The Influencing Machine – nGbK, Berlin – a peek…

Hi you,

I maybe shouldn’t share these images, which are merely mocks, but I’m too excited about the incredible work going on in Berlin, towards the ngbk* show The Influencing Machine. My work will be in the show, and in the associated publication.

The show is curated and made real by a working group consisting of Vladimir Cajkovac (curator), Kristina Kramer (translator and curator), Bettina Lehmann (curator), Sophie Macpherson (artist), Tahani Nadim (academic), and Neli Wagner (curator), plus all the good folk at ngbk.

Contributing artists include Anna Bromley, Kajsa Dahlberg, Egemen Demirci, Fabien Giraud & Raphaël Siboni, Fokus Grupa, Eva & Franco Mattes, Mimi Onouha & Mother Cyborg, Sascha Pohflepp & Chris Woebken, Tactical Tech, Jane Topping, Sarah Tripp, Clement Valla, Laura Yuile

The exhibition seeks to address recent debates on the manipulations of socio-political processes (particularly elections) by bots, automated processes programmed to interfere in online networks and communications. We are interested in extending the available vocabulary and imagination for talking and thinking about the phenomenon of “political bots” in a two-fold manner: Firstly, by focusing on the socio-material dimensions of “bots” (infrastructures, labour processes, historical narratives) and secondly, by suggesting that technologies such as bots are always already political, that is, they are the articulation of historically specific interests and positions.  (Tahani Nadim)

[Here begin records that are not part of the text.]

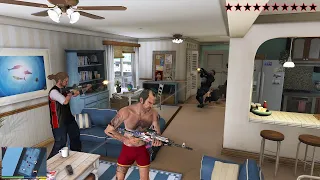 GTA 5 -  Trevor And Wade's TEN STAR COP BATTLE IN DEBRA'S APARTMENT (GTA V Funny Moments)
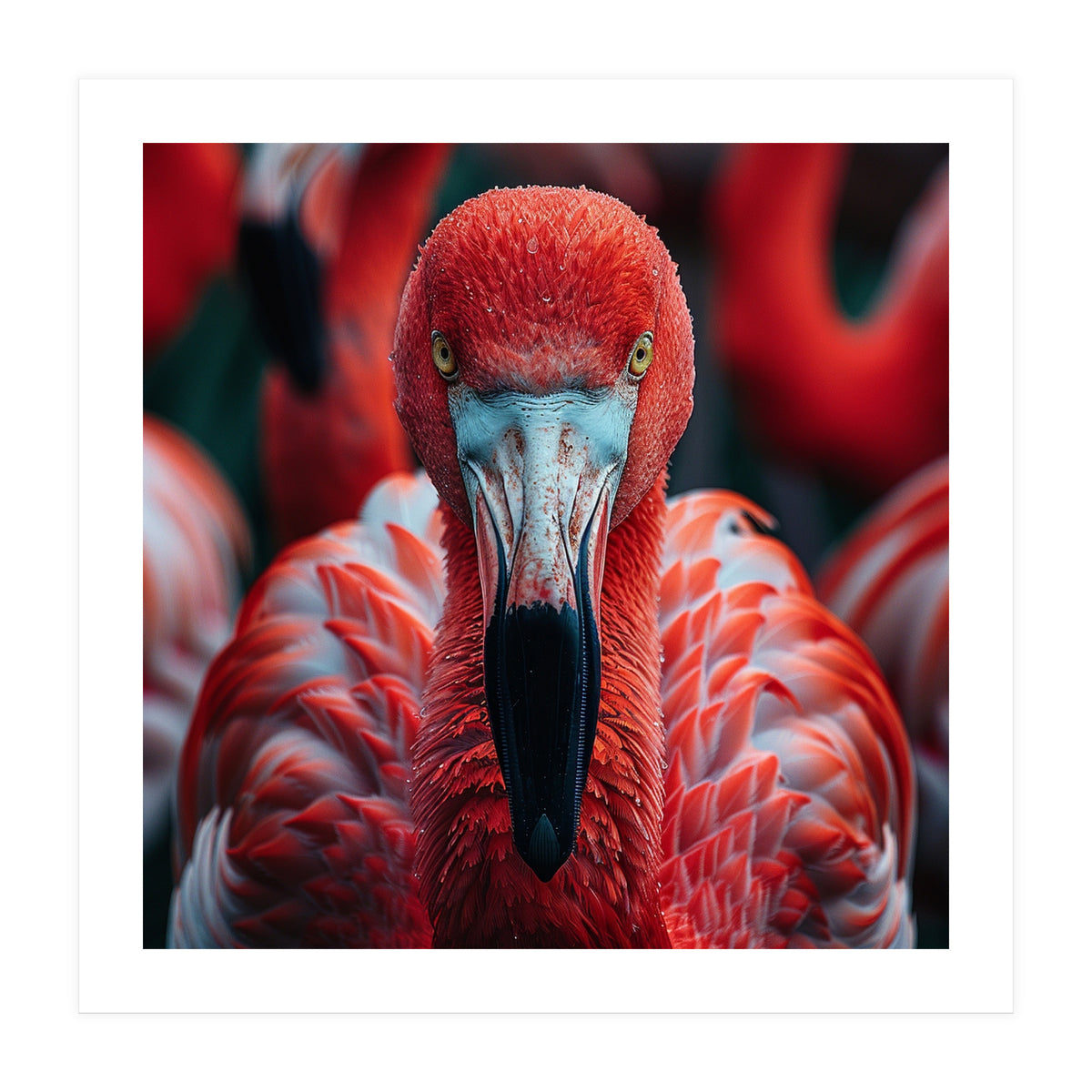 Close Up Flamingo Head With Bright Red Feathers (Print Only)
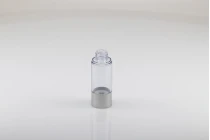 Flacon airless pour mélanges aqueux 30 ml avec corps en plastique transparent, base et couvercle en aluminium de couleur MAT argentée-photo_360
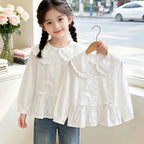 Mädchen elegante Bluse mit Spitzensaum und Rüschendetails R&B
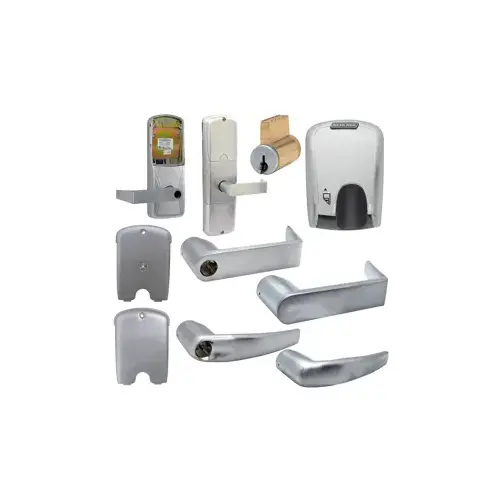 KIT - Mag-Stripe (Insert Card) Stand Alone Privacy Cylindrical Lock, Athens Lever, Key in Lever, 6-Pin C Keyway (0-Bitted Brushed Chrome Cylinder 626), Satin Chrome 626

The Influencing Machine runs: December 1st  to January 20th. We should, like, totally go.

See also:

*The neue Gesellschaft für bildende Kunst (nGbK), founded with a grass-roots structure in 1969, is today one of Germany’s most significant and largest art societies. The unique structure of the nGbK enables its members to directly influence its thematic orientation: exhibitions, interventions, research projects, event series and publications are developed in interdisciplinary project groups. The nGbK has established itself as an innovative venue for contemporary art and exhibition production which has left its mark on generations of curators, artists and creatives, and whose experimental exhibition concepts count as path-breaking. They have provided important impetus and continue to engage with relevant socio-political topics. Themes such as racism, National Socialism and urban politics are negotiated time and again, with a further focus placed on (post)migrant, (post)colonial and gender issues.